The third wizard dungeon I attempted was Vyr’s, and honestly it was the worst of the four. The two objectives were actually fairly simple: getting stacks in archon form and killing enemies in archon form. Those things happen almost automatically in the normal course of clearing the place. What makes this dungeon awful is the size of it, combined with the number and type of enemies. Contrary to the Firebird’s dungeon, here you need to be as powerful as possible, to increase your archon uptime and to quickly kill all the enemy swarms so you can move away at high speed. The map is a maze and absolutely requires you to spam teleport to clear it in the time limit. Making things worse are the fallen-type enemies. The little guys run away which makes it hard to track down everything for the clear, and the shamans keep summoning more so they’re hard to keep track of. I spent an entire evening working on this one, and by the end every failure came down to one or two enemies that I had lost somewhere on the huge sprawling map.

Nervous after the rough time I had with Vyr’s, I put off the last dungeon for a couple days. Finally, last night I finished up with Delsere’s dungeon. I had a hard time finding written guides for this one for some reason, so I had to resort to watching a video guide, which I do not usually like. It turns out I really did not need to worry about it at all, it was by far the easiest of the wizard dungeons. Delsere’s is one of the set dungeons with a weird requirement that doesn’t seem to stem directly from the set bonus itself. In this case it means that you have to reflect 200 projectiles using wave of force. Luckily this can be done very early in the dungeon by finding a big group of bees and standing in a slow time bubble until they shoot a ton of tiny horrible bees at you. As long as you don’t get murdered by evil bees the only other thing you have to do is catch a few large groups of enemies in your slow time bubble and your main objectives are done. The map layout has some awkward spots that require a bit of backtracking but it is small enough and the enemies are generally grouped enough that it wasn’t a problem to finish in time.

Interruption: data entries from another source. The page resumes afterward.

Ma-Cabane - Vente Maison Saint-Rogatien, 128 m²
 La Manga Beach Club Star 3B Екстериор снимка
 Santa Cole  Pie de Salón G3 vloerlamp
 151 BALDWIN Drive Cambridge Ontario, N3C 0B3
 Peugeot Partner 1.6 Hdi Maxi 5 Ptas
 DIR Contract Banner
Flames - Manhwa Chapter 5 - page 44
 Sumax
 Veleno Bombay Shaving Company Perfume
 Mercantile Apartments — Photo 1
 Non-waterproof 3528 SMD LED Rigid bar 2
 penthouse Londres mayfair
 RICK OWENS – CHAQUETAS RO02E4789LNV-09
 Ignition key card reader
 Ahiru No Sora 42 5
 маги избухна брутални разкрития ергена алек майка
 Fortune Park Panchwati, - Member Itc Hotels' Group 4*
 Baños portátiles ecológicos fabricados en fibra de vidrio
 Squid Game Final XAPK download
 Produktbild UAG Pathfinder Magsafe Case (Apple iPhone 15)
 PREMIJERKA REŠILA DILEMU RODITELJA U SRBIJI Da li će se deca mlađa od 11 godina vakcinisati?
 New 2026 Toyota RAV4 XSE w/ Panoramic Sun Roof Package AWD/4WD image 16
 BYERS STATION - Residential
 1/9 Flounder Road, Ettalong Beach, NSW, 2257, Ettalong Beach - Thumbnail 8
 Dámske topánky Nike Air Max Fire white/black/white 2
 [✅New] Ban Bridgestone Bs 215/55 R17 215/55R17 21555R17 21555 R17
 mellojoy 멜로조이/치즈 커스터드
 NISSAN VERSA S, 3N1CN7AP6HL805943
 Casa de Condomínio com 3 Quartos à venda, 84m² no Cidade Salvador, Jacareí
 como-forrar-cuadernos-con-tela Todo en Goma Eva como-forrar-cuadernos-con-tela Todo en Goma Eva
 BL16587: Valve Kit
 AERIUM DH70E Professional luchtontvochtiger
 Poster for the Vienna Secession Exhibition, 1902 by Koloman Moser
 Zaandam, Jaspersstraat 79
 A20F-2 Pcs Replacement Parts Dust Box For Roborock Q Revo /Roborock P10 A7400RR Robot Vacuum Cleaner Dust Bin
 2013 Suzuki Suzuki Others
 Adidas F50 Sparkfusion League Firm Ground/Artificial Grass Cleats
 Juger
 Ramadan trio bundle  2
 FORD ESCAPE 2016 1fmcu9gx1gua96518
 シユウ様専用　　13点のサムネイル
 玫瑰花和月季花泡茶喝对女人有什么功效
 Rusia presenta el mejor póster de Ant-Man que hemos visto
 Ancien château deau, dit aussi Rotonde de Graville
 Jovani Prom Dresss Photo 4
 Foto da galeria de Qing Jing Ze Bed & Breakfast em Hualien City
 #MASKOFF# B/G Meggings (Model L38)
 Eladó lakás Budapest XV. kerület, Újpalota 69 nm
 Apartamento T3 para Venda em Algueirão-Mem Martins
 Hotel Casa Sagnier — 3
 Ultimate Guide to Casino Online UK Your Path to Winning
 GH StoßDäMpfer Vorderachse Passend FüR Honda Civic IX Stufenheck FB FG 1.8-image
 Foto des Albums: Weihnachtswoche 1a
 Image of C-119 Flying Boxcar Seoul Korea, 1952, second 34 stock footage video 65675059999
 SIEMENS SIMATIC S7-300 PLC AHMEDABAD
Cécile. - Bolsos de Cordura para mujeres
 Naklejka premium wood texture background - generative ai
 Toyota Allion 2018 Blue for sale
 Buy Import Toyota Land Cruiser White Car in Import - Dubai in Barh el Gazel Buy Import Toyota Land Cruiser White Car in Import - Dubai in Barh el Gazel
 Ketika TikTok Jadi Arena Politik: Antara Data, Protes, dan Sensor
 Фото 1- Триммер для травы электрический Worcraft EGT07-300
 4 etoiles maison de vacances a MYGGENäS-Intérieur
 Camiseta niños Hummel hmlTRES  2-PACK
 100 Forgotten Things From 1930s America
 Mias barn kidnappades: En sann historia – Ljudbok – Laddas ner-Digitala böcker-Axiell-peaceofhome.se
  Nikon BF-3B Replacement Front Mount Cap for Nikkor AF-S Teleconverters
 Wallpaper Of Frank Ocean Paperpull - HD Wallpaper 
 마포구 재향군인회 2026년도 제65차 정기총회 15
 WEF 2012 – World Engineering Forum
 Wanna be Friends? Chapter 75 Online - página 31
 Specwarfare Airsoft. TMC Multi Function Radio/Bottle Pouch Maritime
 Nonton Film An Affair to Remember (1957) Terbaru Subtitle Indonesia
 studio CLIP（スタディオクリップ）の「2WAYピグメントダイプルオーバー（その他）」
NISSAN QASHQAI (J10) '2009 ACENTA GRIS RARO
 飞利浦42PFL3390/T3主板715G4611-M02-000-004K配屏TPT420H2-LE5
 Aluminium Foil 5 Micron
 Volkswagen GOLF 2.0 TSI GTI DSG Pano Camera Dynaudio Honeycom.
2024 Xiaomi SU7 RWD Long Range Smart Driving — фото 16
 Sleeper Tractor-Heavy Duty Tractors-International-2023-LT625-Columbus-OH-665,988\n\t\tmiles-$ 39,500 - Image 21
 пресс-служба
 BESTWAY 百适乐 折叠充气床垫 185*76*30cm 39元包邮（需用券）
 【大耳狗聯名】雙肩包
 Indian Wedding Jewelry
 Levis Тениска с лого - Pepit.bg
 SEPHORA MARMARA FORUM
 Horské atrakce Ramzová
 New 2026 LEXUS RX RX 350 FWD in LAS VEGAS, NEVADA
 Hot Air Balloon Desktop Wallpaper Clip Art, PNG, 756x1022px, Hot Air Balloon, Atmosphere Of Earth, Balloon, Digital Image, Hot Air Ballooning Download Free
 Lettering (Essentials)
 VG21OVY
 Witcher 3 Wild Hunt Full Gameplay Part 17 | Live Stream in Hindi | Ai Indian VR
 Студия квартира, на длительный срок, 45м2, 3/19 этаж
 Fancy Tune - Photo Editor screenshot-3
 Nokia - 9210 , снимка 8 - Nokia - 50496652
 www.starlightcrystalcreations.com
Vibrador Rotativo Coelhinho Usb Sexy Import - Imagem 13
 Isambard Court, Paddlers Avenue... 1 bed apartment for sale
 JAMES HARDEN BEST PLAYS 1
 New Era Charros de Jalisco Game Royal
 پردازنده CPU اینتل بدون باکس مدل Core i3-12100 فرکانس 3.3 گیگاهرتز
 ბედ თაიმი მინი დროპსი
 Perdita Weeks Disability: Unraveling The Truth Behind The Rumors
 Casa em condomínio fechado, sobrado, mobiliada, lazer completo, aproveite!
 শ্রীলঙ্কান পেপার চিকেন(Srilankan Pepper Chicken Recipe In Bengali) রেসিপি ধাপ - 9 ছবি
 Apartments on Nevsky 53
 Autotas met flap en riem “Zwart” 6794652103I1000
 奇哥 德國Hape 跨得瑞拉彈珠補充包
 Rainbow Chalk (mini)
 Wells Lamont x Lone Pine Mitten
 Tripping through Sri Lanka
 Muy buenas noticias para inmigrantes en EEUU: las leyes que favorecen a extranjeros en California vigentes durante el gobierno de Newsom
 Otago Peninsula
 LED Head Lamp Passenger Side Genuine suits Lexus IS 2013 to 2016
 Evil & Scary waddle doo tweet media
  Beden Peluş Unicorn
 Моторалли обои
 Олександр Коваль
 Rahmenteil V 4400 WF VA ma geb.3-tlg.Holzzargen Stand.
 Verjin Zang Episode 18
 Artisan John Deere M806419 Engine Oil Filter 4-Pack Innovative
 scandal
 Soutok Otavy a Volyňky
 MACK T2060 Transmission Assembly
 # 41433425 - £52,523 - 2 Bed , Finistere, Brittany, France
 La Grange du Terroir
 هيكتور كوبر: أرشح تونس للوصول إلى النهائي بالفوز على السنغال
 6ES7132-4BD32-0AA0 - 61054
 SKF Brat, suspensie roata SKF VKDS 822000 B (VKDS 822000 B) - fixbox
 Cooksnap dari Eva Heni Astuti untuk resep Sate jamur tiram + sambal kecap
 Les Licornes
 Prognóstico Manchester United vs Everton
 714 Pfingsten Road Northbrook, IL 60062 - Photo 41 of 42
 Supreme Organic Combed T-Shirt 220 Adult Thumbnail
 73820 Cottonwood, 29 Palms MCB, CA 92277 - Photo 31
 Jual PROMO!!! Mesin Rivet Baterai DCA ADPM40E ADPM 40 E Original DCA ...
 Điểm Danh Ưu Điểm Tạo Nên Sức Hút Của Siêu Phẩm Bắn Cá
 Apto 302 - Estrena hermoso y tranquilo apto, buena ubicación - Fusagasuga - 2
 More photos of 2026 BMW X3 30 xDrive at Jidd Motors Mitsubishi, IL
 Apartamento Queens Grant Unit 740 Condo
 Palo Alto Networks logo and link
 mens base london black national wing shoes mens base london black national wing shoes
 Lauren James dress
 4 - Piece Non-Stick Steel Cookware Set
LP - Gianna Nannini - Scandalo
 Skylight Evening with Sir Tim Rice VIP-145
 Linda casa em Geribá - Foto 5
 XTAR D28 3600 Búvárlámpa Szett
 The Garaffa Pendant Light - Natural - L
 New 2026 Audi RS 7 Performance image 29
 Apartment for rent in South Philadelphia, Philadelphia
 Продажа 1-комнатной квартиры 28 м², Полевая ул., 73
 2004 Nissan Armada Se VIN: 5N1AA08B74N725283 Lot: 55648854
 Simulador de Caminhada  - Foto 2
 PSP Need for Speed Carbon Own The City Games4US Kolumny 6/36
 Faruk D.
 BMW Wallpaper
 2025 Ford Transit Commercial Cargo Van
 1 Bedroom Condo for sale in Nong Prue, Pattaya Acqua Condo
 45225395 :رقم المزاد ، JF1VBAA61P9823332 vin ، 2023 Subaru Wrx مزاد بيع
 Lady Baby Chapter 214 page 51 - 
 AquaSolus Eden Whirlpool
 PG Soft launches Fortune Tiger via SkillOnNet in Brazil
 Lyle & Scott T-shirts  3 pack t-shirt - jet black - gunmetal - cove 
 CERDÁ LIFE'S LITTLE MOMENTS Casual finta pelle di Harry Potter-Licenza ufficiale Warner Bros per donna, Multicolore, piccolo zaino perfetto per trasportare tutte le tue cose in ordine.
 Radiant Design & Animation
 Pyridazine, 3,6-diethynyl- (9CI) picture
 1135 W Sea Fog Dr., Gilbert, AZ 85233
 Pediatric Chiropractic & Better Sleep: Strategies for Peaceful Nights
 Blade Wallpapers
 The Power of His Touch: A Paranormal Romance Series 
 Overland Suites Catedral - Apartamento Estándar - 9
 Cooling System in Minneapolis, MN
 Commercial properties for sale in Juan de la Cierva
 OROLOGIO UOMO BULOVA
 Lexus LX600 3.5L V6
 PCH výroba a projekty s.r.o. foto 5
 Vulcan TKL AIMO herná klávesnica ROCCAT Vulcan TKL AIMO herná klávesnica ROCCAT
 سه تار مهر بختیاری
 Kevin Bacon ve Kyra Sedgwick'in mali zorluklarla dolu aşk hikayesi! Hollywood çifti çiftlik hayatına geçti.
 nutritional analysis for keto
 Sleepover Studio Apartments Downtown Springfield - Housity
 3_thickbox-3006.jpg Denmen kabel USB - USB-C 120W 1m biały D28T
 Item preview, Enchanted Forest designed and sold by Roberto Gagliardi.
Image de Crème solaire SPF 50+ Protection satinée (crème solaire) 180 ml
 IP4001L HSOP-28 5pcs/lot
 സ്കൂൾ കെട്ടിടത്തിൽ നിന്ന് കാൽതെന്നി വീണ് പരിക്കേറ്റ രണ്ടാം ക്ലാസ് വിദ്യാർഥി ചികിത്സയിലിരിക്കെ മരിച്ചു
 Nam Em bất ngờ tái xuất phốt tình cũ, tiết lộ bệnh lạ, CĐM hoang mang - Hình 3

Finishing the last wizard set dungeon netted me some achievement spam, finishing up my second conquest and completing the Conqueror tier of the season journey. I’m not sure it has been fun exactly, but mastering all eight of these set dungeons has at least been an interesting challenge. And I’ve learned which ones are easy to do for future seasons. Now I’m debating whether I want to try to finish the final, Guardian tier of the season journey. I have never actually completed that tier before, but I suspect I could make it this time around if I don’t burn out on the game first. I’ve already finished GR70 solo, extracted 40 cube powers, and leveled three gems to 70. That leaves a 4 minute (T13) speed run, a 15 second Adria (T13) kill, and one more conquest to do. We will see if I stay motivated long enough to finish those off.